This page gives requirement-level implementation guidance you can put into a control register, test plan, and audit evidence pack for the data governance for model development and operation requirement 1.
Regulatory text
What we can cite: “Baseline implementation-intent summary derived from publicly available framework overviews; licensed standard text is not reproduced in this record.” The requirement intent is: “Ensure data governance controls support reliable and responsible AI outcomes.” 1
Operator interpretation: You must implement and operate data governance controls across the AI lifecycle (development and operation) so that the data used to train, evaluate, deploy, and monitor models is:
- Appropriate (fit-for-purpose quality),
- Traceable (known provenance and lineage),
- Controlled (authorized access and permitted uses),
- Managed over time (versioning, retention, deletion, and change control).

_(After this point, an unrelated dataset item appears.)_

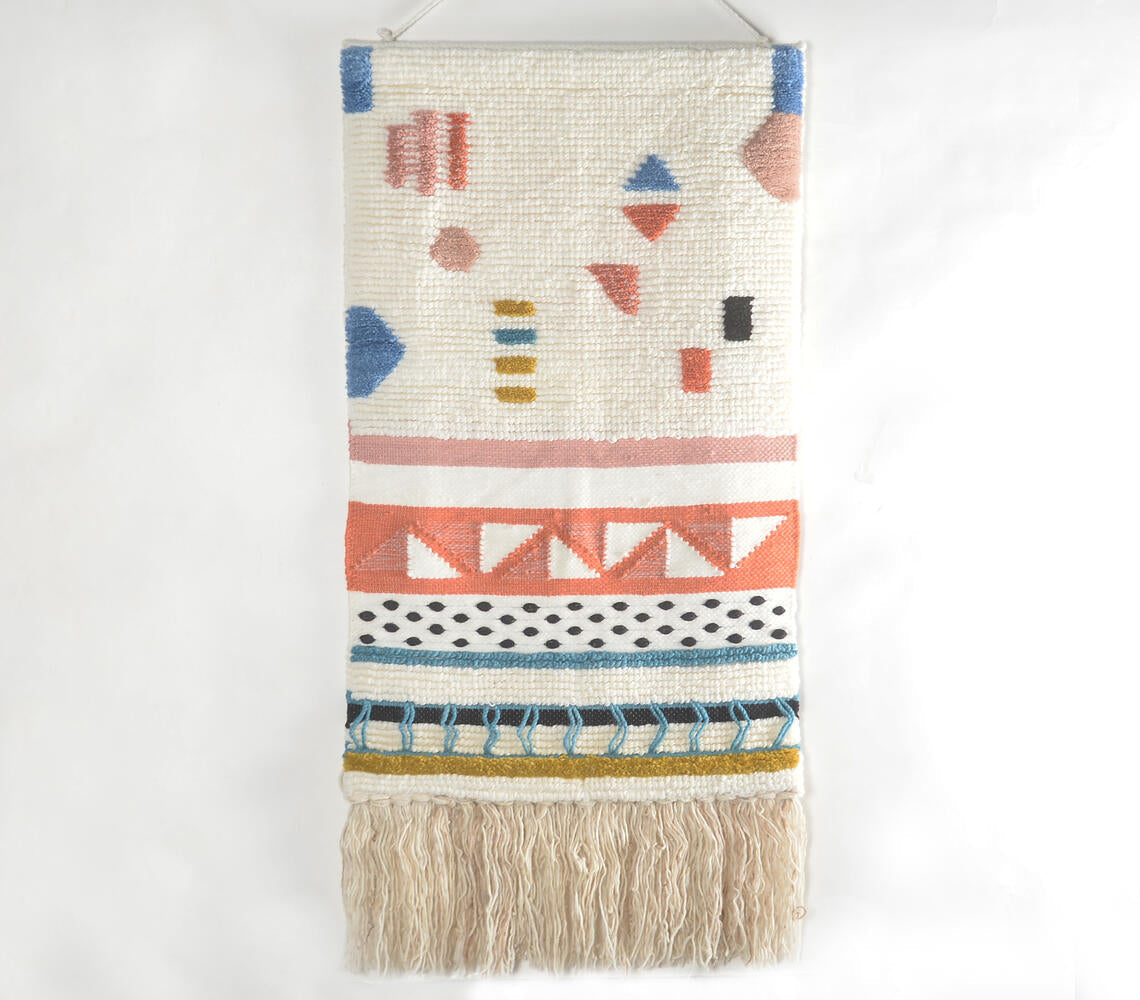 Handwoven & Tufted Abstract Geometric Fringed Wall Hanging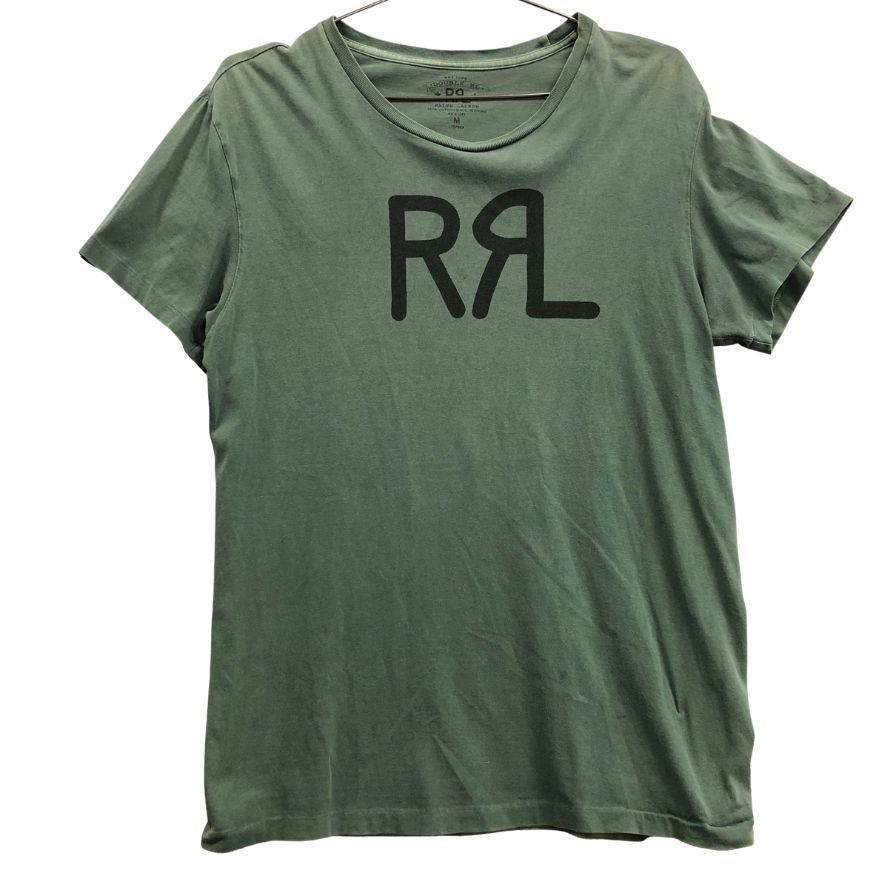 美品◆ダブルアールエル ロゴプリントTシャツ カーキ メンズ サイズM RRL 【AFB9】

Auditors will not accept “we have a data policy” alone. They will test whether you can show dataset-level controls mapped to models and evidence that those controls ran for both training and production pipelines 1.

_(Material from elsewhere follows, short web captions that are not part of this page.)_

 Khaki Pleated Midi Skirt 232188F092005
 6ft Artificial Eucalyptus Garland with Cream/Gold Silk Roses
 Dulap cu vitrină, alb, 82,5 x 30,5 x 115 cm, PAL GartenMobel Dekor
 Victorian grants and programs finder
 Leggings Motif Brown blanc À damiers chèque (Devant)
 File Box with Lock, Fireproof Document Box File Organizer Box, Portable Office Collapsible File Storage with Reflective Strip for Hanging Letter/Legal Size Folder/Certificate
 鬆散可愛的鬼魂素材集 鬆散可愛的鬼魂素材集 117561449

Plain-English interpretation (what this requirement demands)
For every AI system you develop or operate, you need defensible answers to five questions:
- What data did the model learn from, and what data does it see in production?

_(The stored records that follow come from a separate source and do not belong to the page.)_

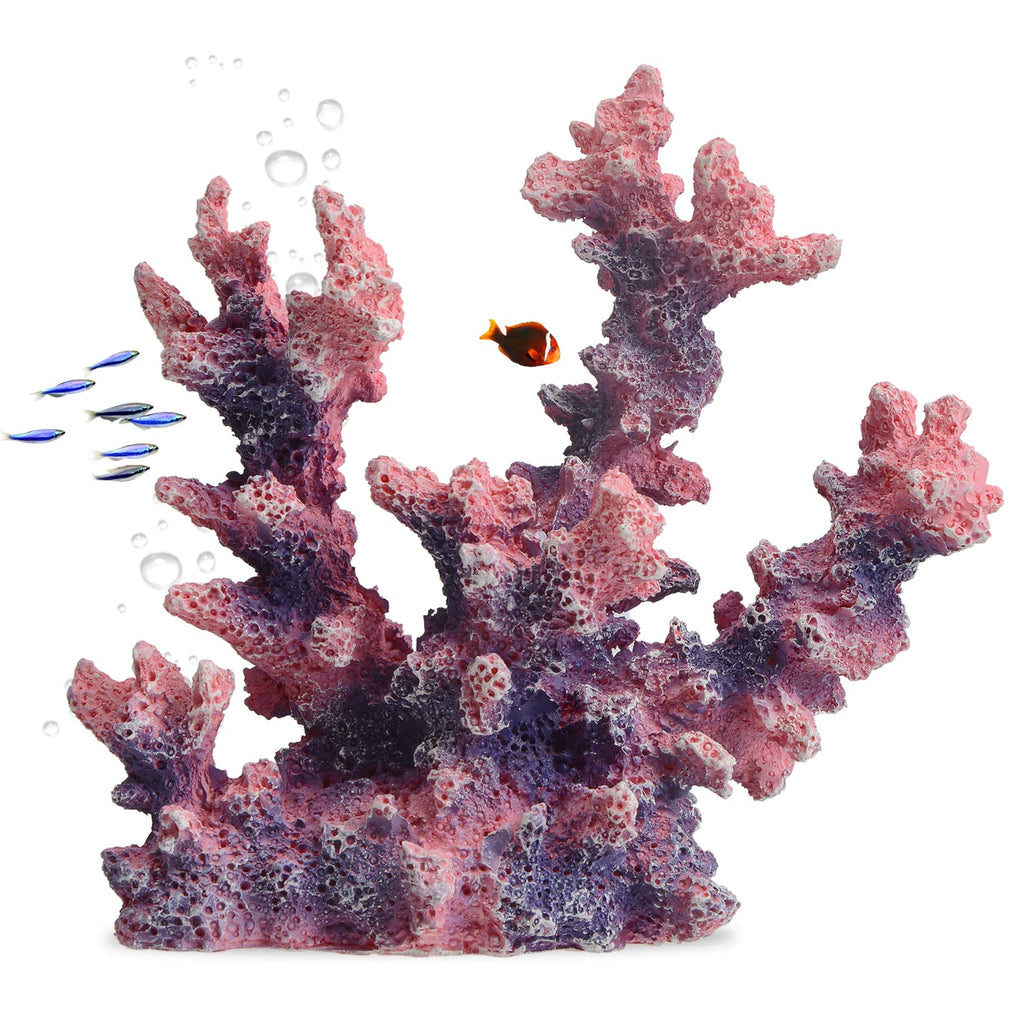 Saim Coral Ornament Aquarium Resin Coral Decor Underwater Plants Fish Tank Decorations Aquarium Landscape Decoration - Pink+Purple
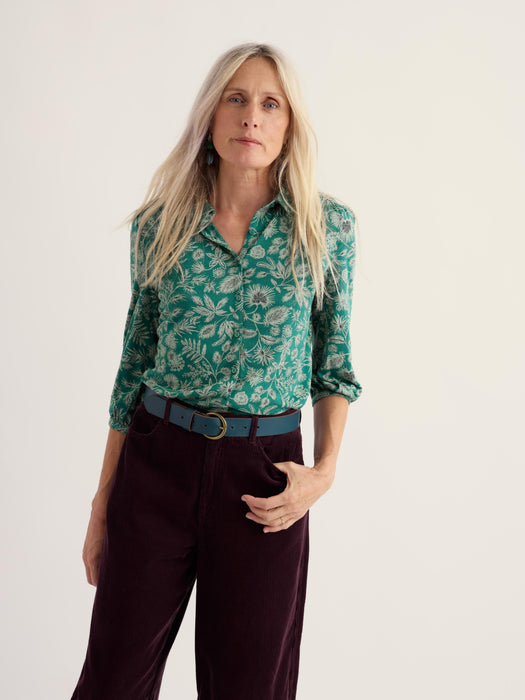 Seasalt Women's 3/4 Embrace Shirt In Woodland Forms Dark Thyme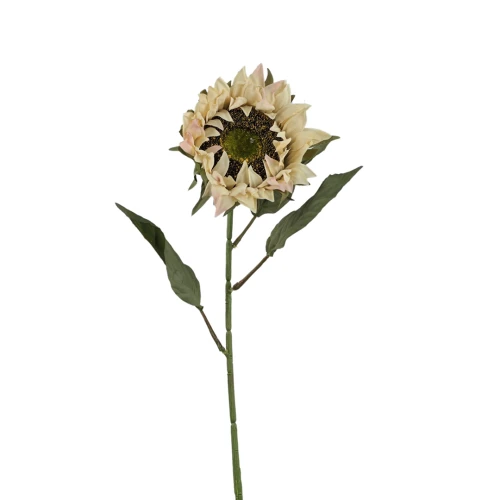 Sztuczny słonecznik gałązkowy w kolorze brudnym kremie 77 cm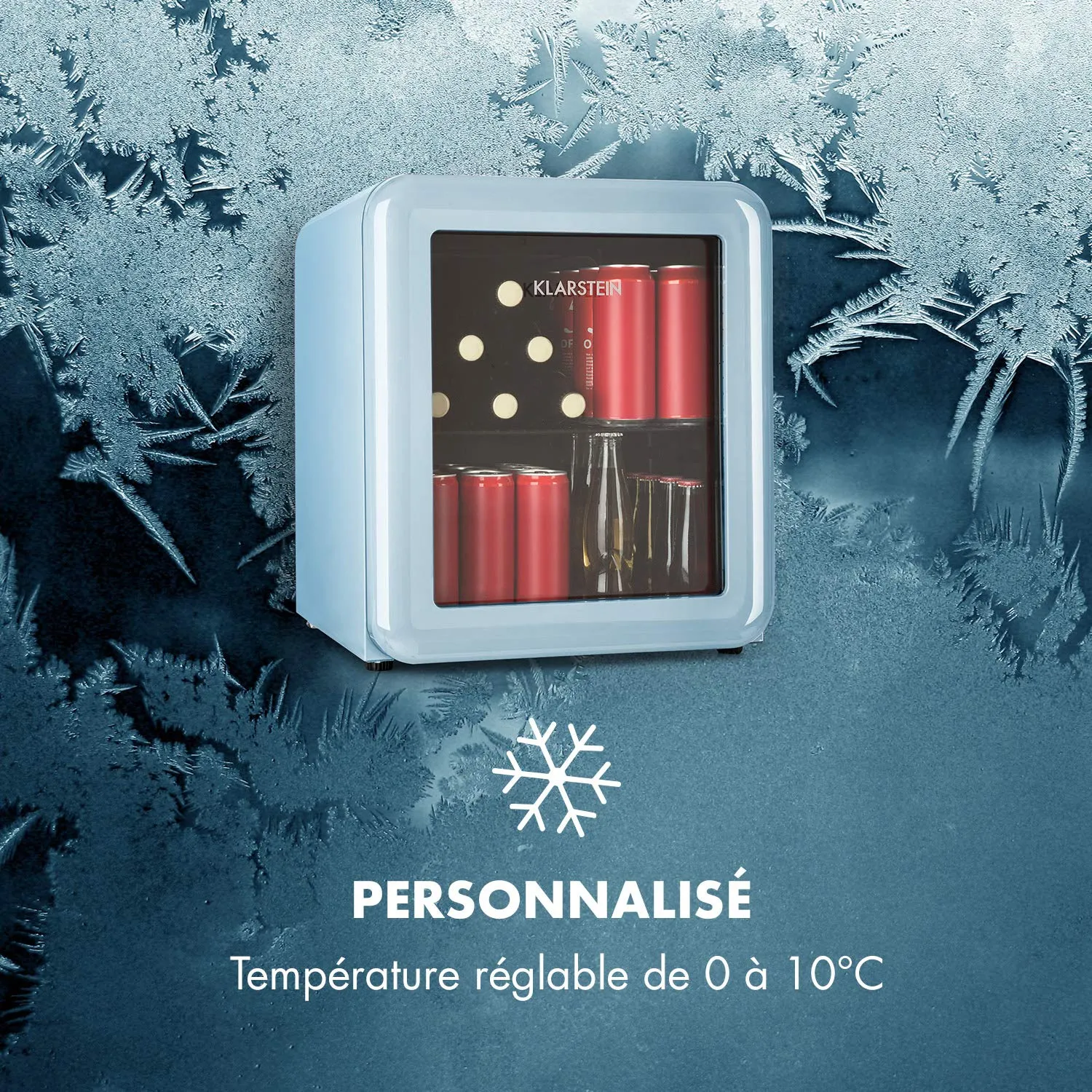 Klarstein PopLife frigo boissons 48 L bleu rétro 0-10°C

- Where did that data come from, and what transformations occurred?
- What checks prove the data is accurate enough and relevant enough for the intended use?
- Who can access, change, or approve data and features, and under what rules?
- How do you manage data changes over time without silently changing model behavior?
If you can’t answer these with records, you have a governance gap that threatens reliability and responsible outcomes 1.
Who it applies to (entity and operational context)
Entities:
- AI developers building models in-house or through third parties.
- AI system operators deploying/hosting models, including models sourced externally, where you control data inputs and operational monitoring 1.
Operational contexts that trigger the requirement:
- Training or fine-tuning models on internal, third-party, or customer data.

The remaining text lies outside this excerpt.